• _ACTIVITY_
For each line of the material below, give that line again word for word.

• _DATASET ENTRIES_
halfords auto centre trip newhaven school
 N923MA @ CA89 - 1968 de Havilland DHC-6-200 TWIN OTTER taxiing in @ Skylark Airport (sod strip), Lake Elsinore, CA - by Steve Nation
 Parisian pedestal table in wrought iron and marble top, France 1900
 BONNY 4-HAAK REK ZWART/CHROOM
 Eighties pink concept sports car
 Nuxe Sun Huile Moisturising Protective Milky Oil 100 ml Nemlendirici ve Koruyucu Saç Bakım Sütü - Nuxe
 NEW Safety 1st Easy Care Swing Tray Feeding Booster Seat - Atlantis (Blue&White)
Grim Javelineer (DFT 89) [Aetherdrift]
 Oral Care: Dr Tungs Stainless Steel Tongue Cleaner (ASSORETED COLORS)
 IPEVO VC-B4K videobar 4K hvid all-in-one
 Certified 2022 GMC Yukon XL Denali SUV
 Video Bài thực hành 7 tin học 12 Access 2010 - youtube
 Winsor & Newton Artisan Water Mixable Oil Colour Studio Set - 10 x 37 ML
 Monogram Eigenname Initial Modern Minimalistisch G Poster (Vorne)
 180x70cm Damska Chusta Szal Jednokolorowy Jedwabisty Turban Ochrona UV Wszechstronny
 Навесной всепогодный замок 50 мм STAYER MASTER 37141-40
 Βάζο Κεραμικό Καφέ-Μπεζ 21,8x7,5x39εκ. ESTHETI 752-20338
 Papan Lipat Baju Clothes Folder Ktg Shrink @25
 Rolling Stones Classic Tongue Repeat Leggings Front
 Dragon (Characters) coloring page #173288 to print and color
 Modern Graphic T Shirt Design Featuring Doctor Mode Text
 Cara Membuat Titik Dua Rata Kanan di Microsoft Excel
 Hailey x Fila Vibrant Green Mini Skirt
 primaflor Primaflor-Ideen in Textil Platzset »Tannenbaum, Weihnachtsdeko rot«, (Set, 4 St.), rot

• _ANSWER BOX_
halfords auto centre trip newhaven school
 N923MA @ CA89 - 1968 de Havilland DHC-6-200 TWIN OTTER taxiing in @ Skylark Airport (sod strip), Lake Elsinore, CA - by Steve Nation
 Parisian pedestal table in wrought iron and marble top, France 1900
 BONNY 4-HAAK REK ZWART/CHROOM
 Eighties pink concept sports car
 Nuxe Sun Huile Moisturising Protective Milky Oil 100 ml Nemlendirici ve Koruyucu Saç Bakım Sütü - Nuxe
 NEW Safety 1st Easy Care Swing Tray Feeding Booster Seat - Atlantis (Blue&White)
Grim Javelineer (DFT 89) [Aetherdrift]
 Oral Care: Dr Tungs Stainless Steel Tongue Cleaner (ASSORETED COLORS)
 IPEVO VC-B4K videobar 4K hvid all-in-one
 Certified 2022 GMC Yukon XL Denali SUV
 Video Bài thực hành 7 tin học 12 Access 2010 - youtube
 Winsor & Newton Artisan Water Mixable Oil Colour Studio Set - 10 x 37 ML
 Monogram Eigenname Initial Modern Minimalistisch G Poster (Vorne)
 180x70cm Damska Chusta Szal Jednokolorowy Jedwabisty Turban Ochrona UV Wszechstronny
 Навесной всепогодный замок 50 мм STAYER MASTER 37141-40
 Βάζο Κεραμικό Καφέ-Μπεζ 21,8x7,5x39εκ. ESTHETI 752-20338
 Papan Lipat Baju Clothes Folder Ktg Shrink @25
 Rolling Stones Classic Tongue Repeat Leggings Front
 Dragon (Characters) coloring page #173288 to print and color
 Modern Graphic T Shirt Design Featuring Doctor Mode Text
 Cara Membuat Titik Dua Rata Kanan di Microsoft Excel
 Hailey x Fila Vibrant Green Mini Skirt
 primaflor Primaflor-Ideen in Textil Platzset »Tannenbaum, Weihnachtsdeko rot«, (Set, 4 St.), rot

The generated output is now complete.